Nevertheless, there is quite a lot at stake here. And the protests — and the serious, somewhat anxious mood that permeates the Bella Center — may in some sense be taken as a good sign.

The reasons that nations like Tuvalu are figuratively and literally making so much noise are varied — but fundamentally, it stems from their sense that a deal (if not a binding one) may indeed be close, and that this may be their last chance to substantively influence its parameters. One particular concern among some of the smaller members of the so-called Group of 77 (a group of developing countries which, confusingly, is in fact 130 members strong) is that some of the larger and more developed countries in the group — like China, India and Brazil — will somewhat shortchange their interests in order to strike a deal with the West. The drafts that some of these nations have been circulating through backchannels — not the so-called Danish draft that has caused its own controversy — are, I was told, considered reasonably favorable for Western nations, and in particular the United States.

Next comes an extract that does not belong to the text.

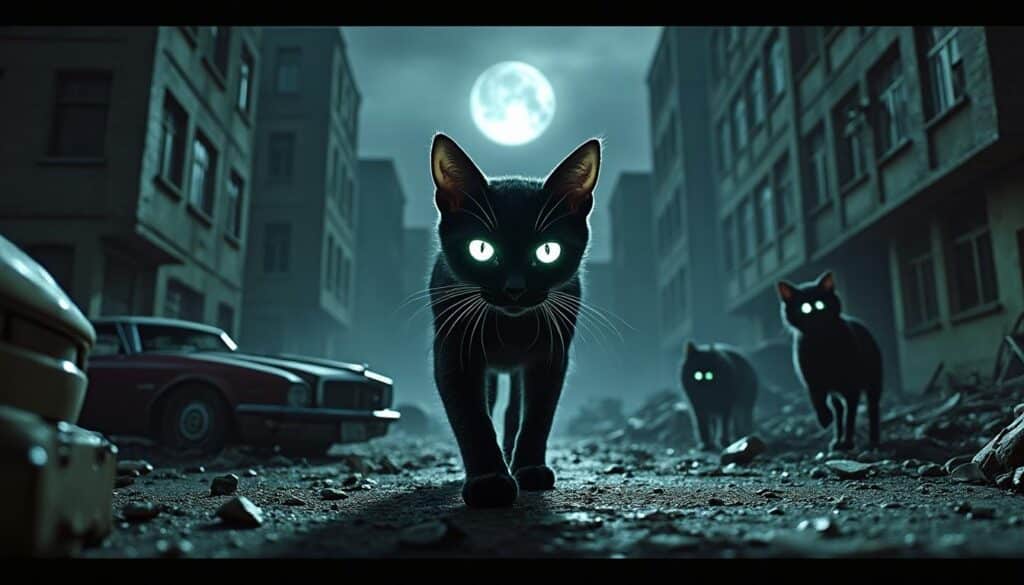 découvrez nyaight of the living cat, une promotion croisée unique inspirée par le film culte '28 ans plus tard'. plongez dans un univers où les félins prennent vie dans un récit palpitant, avec des offres exclusives et des surprises à la clé. ne manquez pas cette expérience inédite qui saura ravir les amoureux des chats et du cinéma !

Of course, there is a pecking order here, and the United States sits on top of it. Diverse as the participants are here at the Bella Center, perhaps 30-40 percent of the attendees are English-speaking Americans.

In the context of a climate deal, the United States in some senses best viewed a rogue state that cannot be trusted to act rationally. Its political system, not without justification, is considered fickle and unpredictable; the other nations of the world are therefore very eager to negotiate a deal that can be substantially brought into being while President Obama is in office (lest they wait too long and wind up with, say, Sarah Palin instead). Ironically, this gives the United States a lot of leverage; you have to be careful when negotiating with someone who may not only walk out of the room but who may not return to hear your counter-offer.

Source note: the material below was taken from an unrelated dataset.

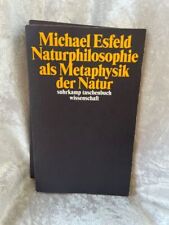 Naturphilosophie als metaphysi gebraucht kaufen  Oberthal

But because of President Obama, who still commands the respect of the overwhelming majority of the participants here, the United States is also considered capable of agreeing to a deal that the rest of the world can (barely) live with. Although people are worried about the United States’ ability to commit to greenhouse gas reductions through its Congress (as one American participant remarked to me today, referring to the Senate: “There are 100 human beings standing behind us and a global commitment”) there is a very credible Plan B in the form of regulations mandated through the EPA, which recently declared greenhouse gases a danger to public health. Indeed, it would be hard to overstate the importance of the EPA ruling. Domestically, it could swing business groups behind a cap-and-trade system, which they consider a lesser evil, and Internationally, it gives us credibility — a tangible sign that we’re starting to “get it”.

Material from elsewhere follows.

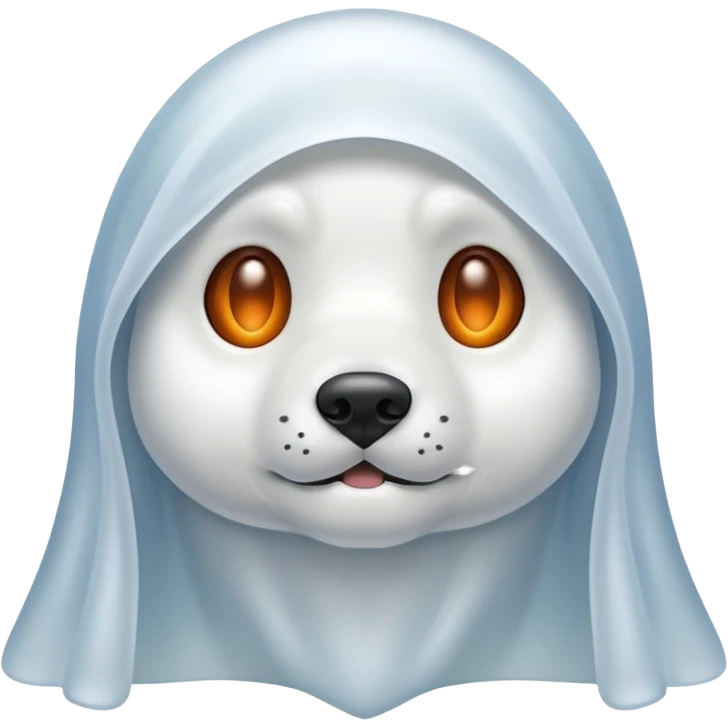 ghost  dog emoji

It appears to me, then, that there may indeed be an overlap between what the United States wants and what the rest of the world is willing to give. That does not mean that we’d be splitting the difference with the rest of the world; the emissions targets we’d receive would almost certainly be fairly lax by the standards of the EU. But the rest of the world, somewhat mollified by the perceived humility of President Obama, have perhaps resigned themselves to the fact that the United States doesn’t have to play fair and will take what they can get.

For some nations, however, like Tuvalu, what they can get might still not be good enough. The effects of global warming are neither linear nor uniform, and if Tuvalu sinks, then it’s sunk, regardless of how pleased the rest of the world is feeling with itself. Would these underdeveloped countries indeed walk away from the negotiating table, undermining a deal that the developing and developed world were willing to broker with one another?

That’s certainly one of ways that Copenhagen could end; although such a move would arguably be irrational, rationality does not always prevail in 190-party negotiations. But if it does end that way, I’d be skeptical that there was a deal to be had in the first place. Although Tuvalu might not be saved by a “bad” climate deal, it’s not clear, with temperatures and sea levels rising every year, that they can afford to hold out for a better one.